Sir Richard hopes this will establish benchmarks for banks to compare behaviour against each other.
This increased transparency should then put competitive pressure on those who are letting customers down.
But the body will steer clear of regulators’ jobs, not taking complaints from customers or forcing bad bankers out of the industry. It will also avoid setting any pay caps, instead focusing on ensuring the structure of bonus schemes is designed to help customers.
The former boss of the CBI hopes the standards body will be up and running this year, establishing benchmarks and having an impact in the coming years.
The alternative, Sir Richard fears, is ineffectual regulation, hurting competition by creating more hurdles for new banks, and driving up costs in the sector, ultimately hurting consumers.
“There is quite a wish for this to work, from the Bank of England, the Treasury, regulators – they want it to work because they recognise that if it doesn’t the alternative is more statutory intervention,” Sir Richard told City A.M. “You could arrive at the point where you throttle the system, where people are only interested in the letter of the law, not its spirit.”

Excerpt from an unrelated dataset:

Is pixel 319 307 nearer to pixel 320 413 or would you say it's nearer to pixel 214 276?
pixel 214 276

“I don’t think you can legislate good behaviour.”
Banks including HSBC, Barclays, Lloyds and RBS, as well as building society Nationwide asked Sir Richard to put the plan together.
The initial reception has been warm, raising hopes all major lenders will join up, lending the new standards body credibility. The standards body will include a board of up to 12 members, with a majority from outside of banking to ensure its independence.
In the longer term it could become a membership group, like those in the accounting sector, operating as a stamp of approval on individual bankers.
SIR RICHARD’S PLAN
Sir Richard Lambert wants banks to publish information on how they treat customers, every year.
The aim is to make banks behave better, at all levels, and to put an end to the scandals of recent years.
Information published will include conduct measures, like staff surveys, recruitment techniques, whistleblowing hotlines and the structure of bonuses.
It will also look at the way staff are trained and the qualifications they hold.
And it will include customer outcomes, with satisfaction surveys, complaint volumes, the way those complaints are handled and how the banks interact with regulators.
Sir Richard hopes the regular pressure on banks will not just raise the standards of the worst lenders but force the whole sector to keep on improving year after year.
Banks will have a choice over whether or not to join the scheme.
The biggest lenders commissioned Sir Richard to plan the standards body and they appear happy with the proposals.
The body will be funded by banks, paying in proportion to their size.
In time it could chance to a membership organisation, where individual bankers sign up. In industries like accounting the setup is voluntary, but in practice those who have not joined the standards boards are not employable, thus giving the bodies authority.
The board will be made up of a small number of bankers and a majority of senior people from other fields, in a bid to make the set up independent.
The initial report is a consultation document, and is open for replies until 7 March.